Venezuela needs our attention, but so do dictatorships-in-waiting Nicaragua and Bolivia

While the world is watching Venezuela’s descent into a full blown dictatorship, scant attention has been paid to the slow-motion disappearance of democracy in two other countries: Nicaragua and Bolivia. If they continue on their present course, they may soon be called Latin America’s emerging dictatorships.

The erosion of basic freedoms in these two countries came to mind this week when I interviewed Sergio Ramirez, the Nicaraguan writer and former Sandinista vice president who, on Nov. 16, was awarded the Spanish Royal Academy’s coveted Cervantes literary prize — considered the Nobel literature award of the Spanish-speaking world.

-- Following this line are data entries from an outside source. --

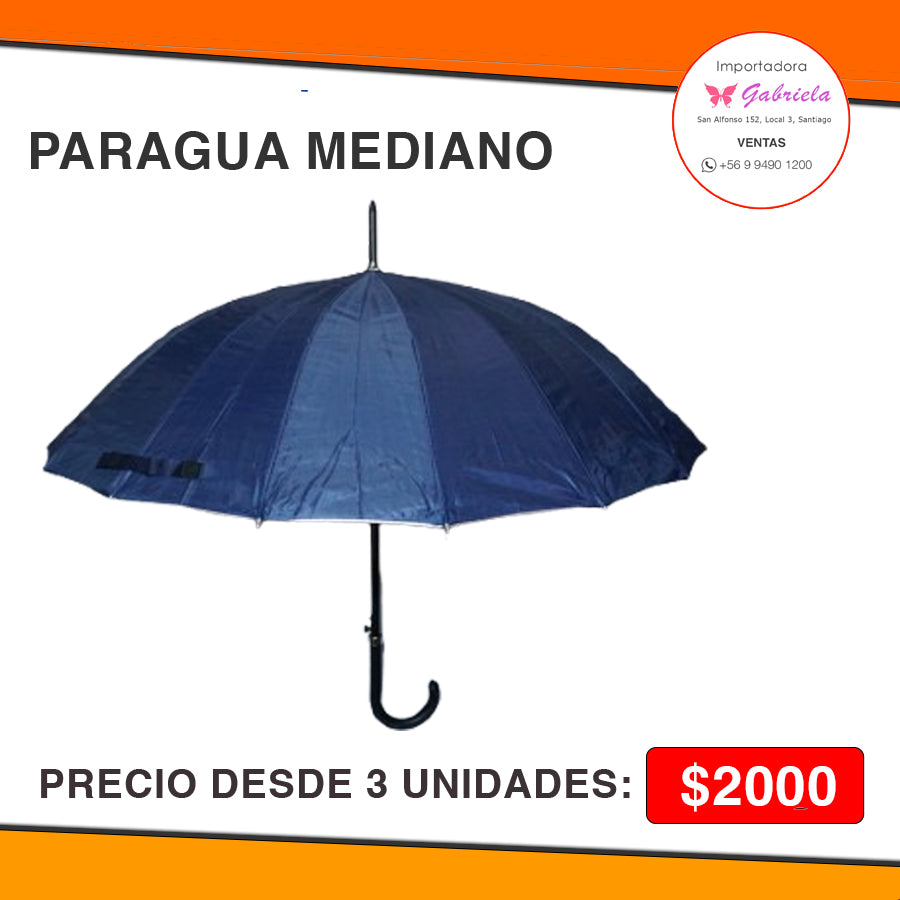 PARAGUA MEDIANO - PRECIO DESDE 3 UNIDADES COLORES SURTIDOS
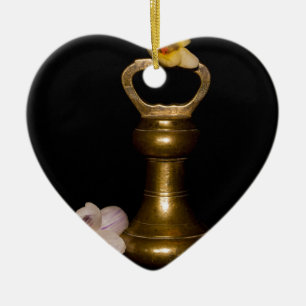 Floral Attraction Ceramic Ornament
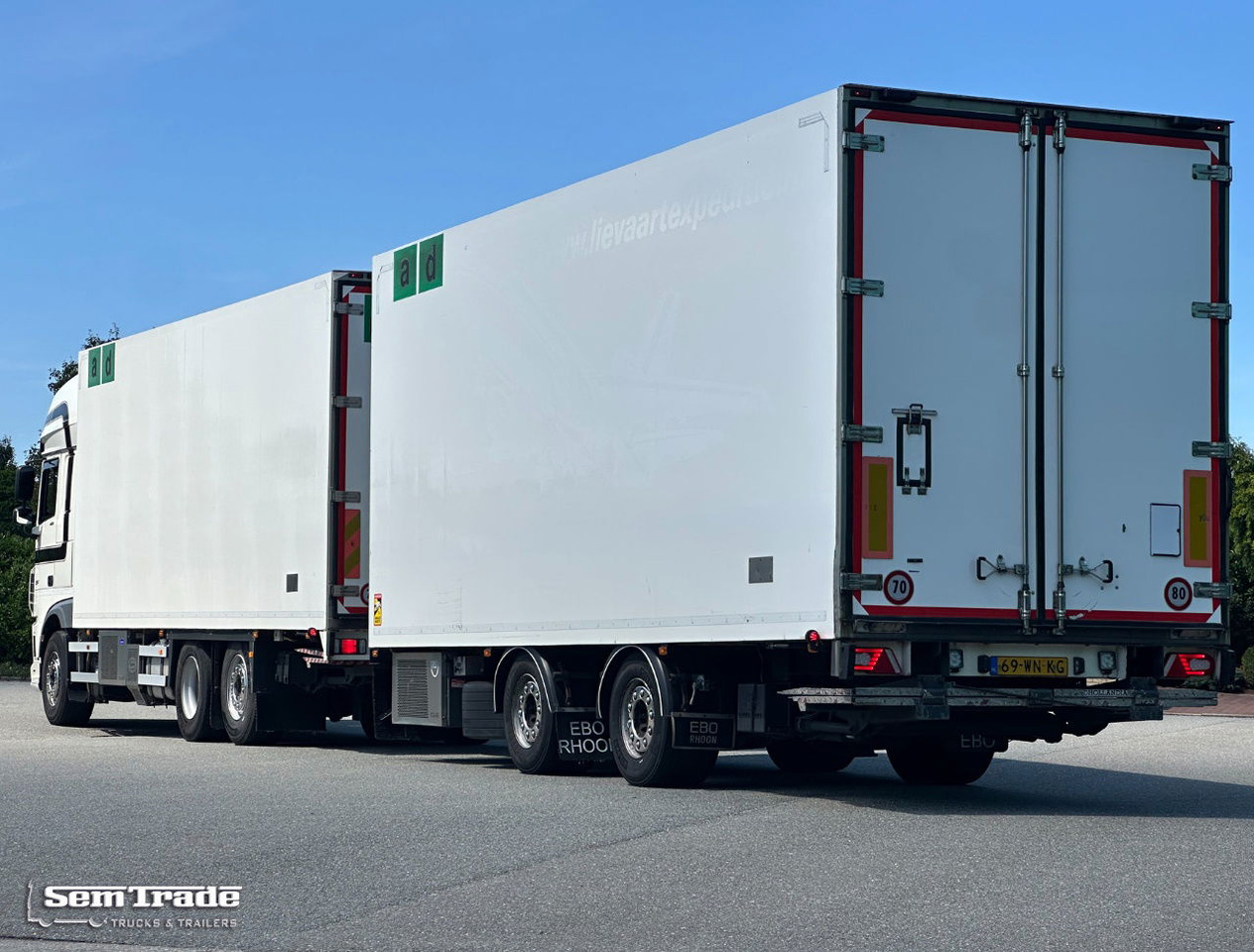 DAF XF 480 FAR SSC 2x Tail Lift 50 CC Trolleys Carrier TRS Iceland Super Condition NL-Combi - Kühlkoffer LKW: das Bild 3 DAF XF 480 FAR SSC 2x Tail Lift 50 CC Trolleys Carrier TRS Iceland Super Condition NL-Combi - Kühlkoffer LKW: das Bild 3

Ramirez, whom I have known since his days in the Sandinista government in the 1980s, became disillusioned with the increasingly totalitarian bent of his leftist comrades and broke ranks with Sandinista leader Daniel Ortega in the early 1990s. In 1996, Ramirez ran for president as leader of a democratic leftist party he founded, and — after losing that election — quit his political career to become a full-time writer and journalist.

After becoming the first Central American writer to win the Cervantes prize, Ramirez got congratulatory calls from across the world. In Nicaragua, many celebrated the news. But there was no congratulatory call from Nicaraguan President Daniel Ortega, or any acknowledgment from his government, Ramirez told me.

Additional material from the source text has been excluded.